In 2017, after many years of struggle, workers’ rights advocates succeeded in convincing the governing Ontario Liberals to implement progressive changes to Ontario’s labour laws that would better the lives of all working people. The most publicized improvement happened as the minimum wage was fast-tracked for significant increases culminating at $15 an hour beginning in January, 2019. Other significant changes to Ontario’s labour laws included:
- Equal pay for part-time, temporary, casual and seasonal employees doing the same job as full-time employees; and equal pay for temporary help agency employees doing the same job as employees at the agencies’ client companies
- Expansion of personal emergency leave to 10 days per calendar year for all employees, with at least two paid days per year for employees who have been employed for at least a week
- Ban on employers requiring a doctor’s sick note from an employee taking personal emergency leave
- Provision of up to 17 weeks off without the fear of job loss when a worker or their child has experienced or is threatened with domestic or sexual violence, including paid leave for the first five days
- Alignment of vacation time in Ontario with the national average by ensuring at least three weeks’ vacation after five years with the same employer
- Fairer scheduling for employees, including a requirement that employees be paid for three hours of work if their shift is cancelled within 48 hours of its scheduled start time
In the 2018 provincial election campaign, Progressive Conservative Leader Doug Ford spoke out against the scheduled increase of the minimum wage to $15 an hour.

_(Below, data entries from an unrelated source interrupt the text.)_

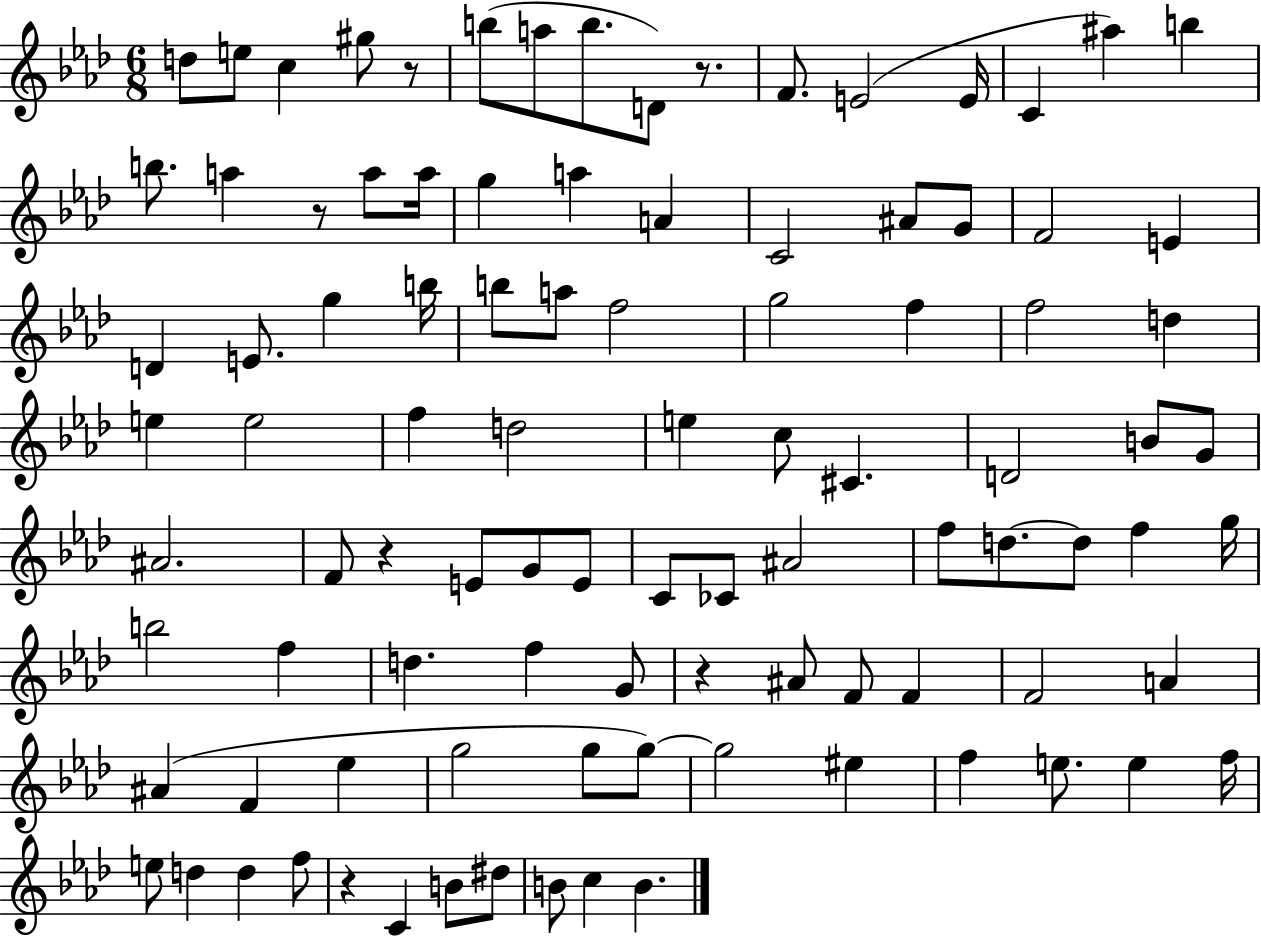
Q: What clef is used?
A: treble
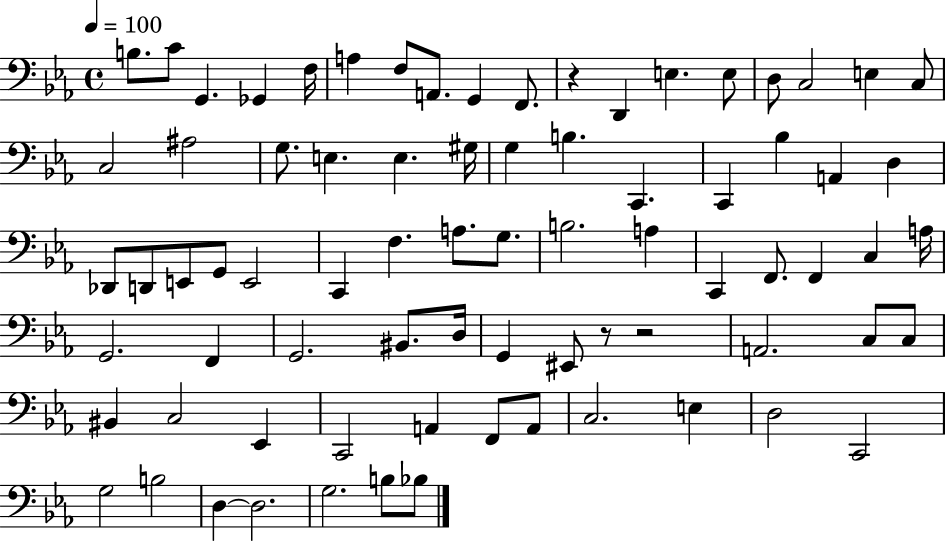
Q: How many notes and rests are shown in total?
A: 77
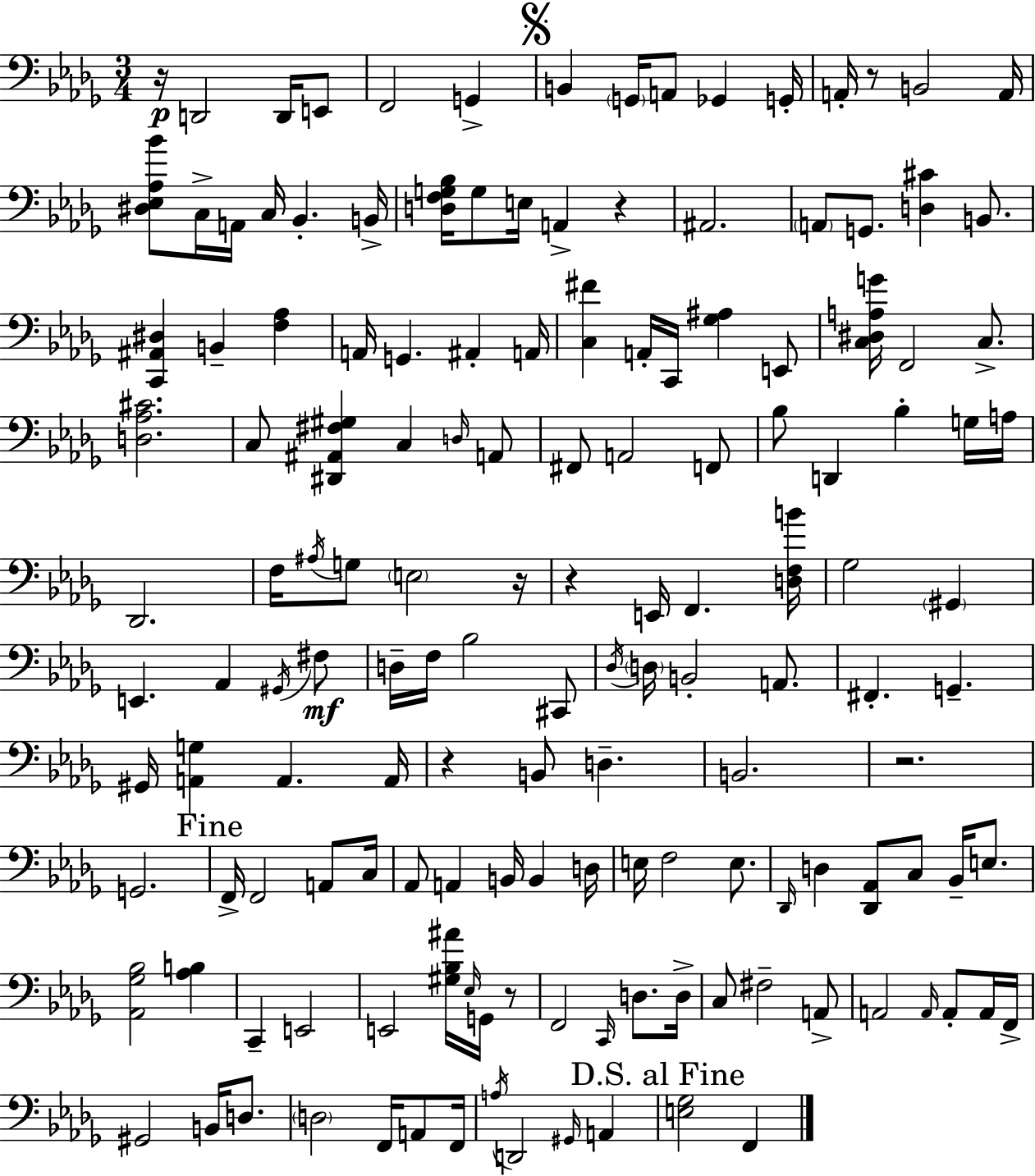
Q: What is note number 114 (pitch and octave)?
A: D3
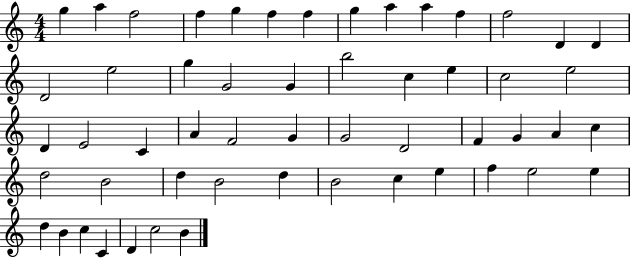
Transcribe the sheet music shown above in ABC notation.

X:1
T:Untitled
M:4/4
L:1/4
K:C
g a f2 f g f f g a a f f2 D D D2 e2 g G2 G b2 c e c2 e2 D E2 C A F2 G G2 D2 F G A c d2 B2 d B2 d B2 c e f e2 e d B c C D c2 B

After he became premier, he announced that the 2017 law, introduced as Bill 148, Fair Workplaces, Better Jobs Act, would be reviewed by the Minister of Labour.

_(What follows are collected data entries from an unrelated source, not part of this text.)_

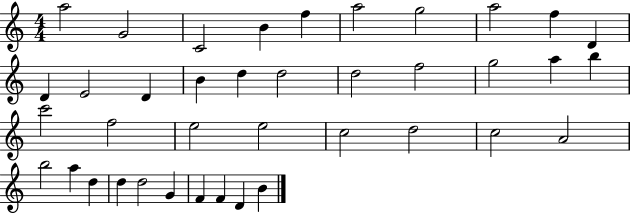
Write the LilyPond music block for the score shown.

{
  \clef treble
  \numericTimeSignature
  \time 4/4
  \key c \major
  a''2 g'2 | c'2 b'4 f''4 | a''2 g''2 | a''2 f''4 d'4 | \break d'4 e'2 d'4 | b'4 d''4 d''2 | d''2 f''2 | g''2 a''4 b''4 | \break c'''2 f''2 | e''2 e''2 | c''2 d''2 | c''2 a'2 | \break b''2 a''4 d''4 | d''4 d''2 g'4 | f'4 f'4 d'4 b'4 | \bar "|."
}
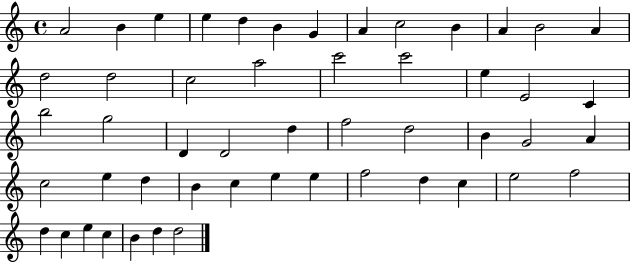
X:1
T:Untitled
M:4/4
L:1/4
K:C
A2 B e e d B G A c2 B A B2 A d2 d2 c2 a2 c'2 c'2 e E2 C b2 g2 D D2 d f2 d2 B G2 A c2 e d B c e e f2 d c e2 f2 d c e c B d d2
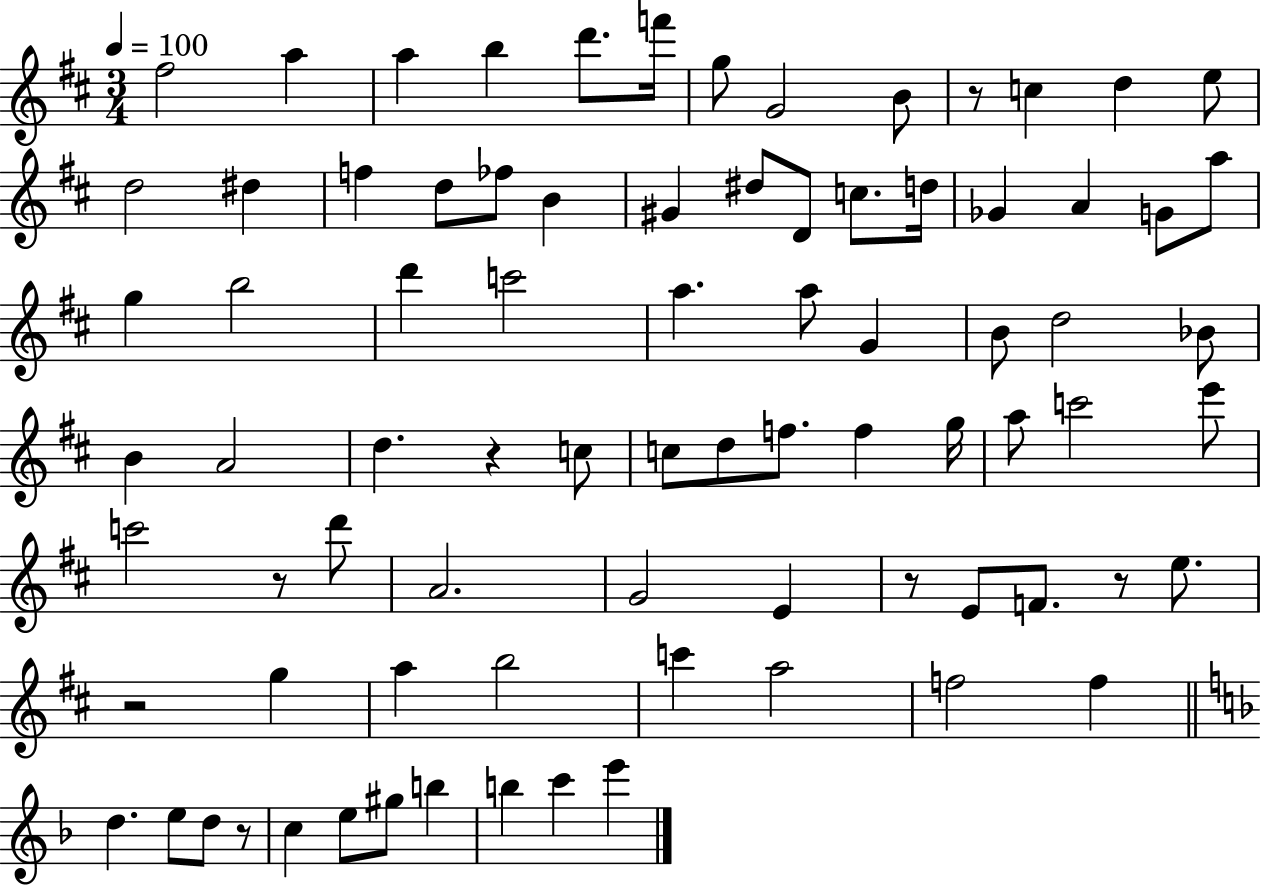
X:1
T:Untitled
M:3/4
L:1/4
K:D
^f2 a a b d'/2 f'/4 g/2 G2 B/2 z/2 c d e/2 d2 ^d f d/2 _f/2 B ^G ^d/2 D/2 c/2 d/4 _G A G/2 a/2 g b2 d' c'2 a a/2 G B/2 d2 _B/2 B A2 d z c/2 c/2 d/2 f/2 f g/4 a/2 c'2 e'/2 c'2 z/2 d'/2 A2 G2 E z/2 E/2 F/2 z/2 e/2 z2 g a b2 c' a2 f2 f d e/2 d/2 z/2 c e/2 ^g/2 b b c' e'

Rather than waiting for the results of this review, however, Ford leapt to his feet in the Legislature in response to a question and declared, “We’re going to make sure we tell the world Ontario is open for business. We’re going to make sure we’re competitive around the world. We’re getting rid of Bill 148.”
With those words, the premier announced his intention to kill Bill 148, along with the move to a $15 minimum wage. Bill 148 was a major victory for the labour movement, for workers’ rights advocates and for working people in Ontario. When it is repealed, Doug Ford will have succeeded in pulling the rug out from under the most vulnerable of those working people in favour of maximum profitability for low-wage employers.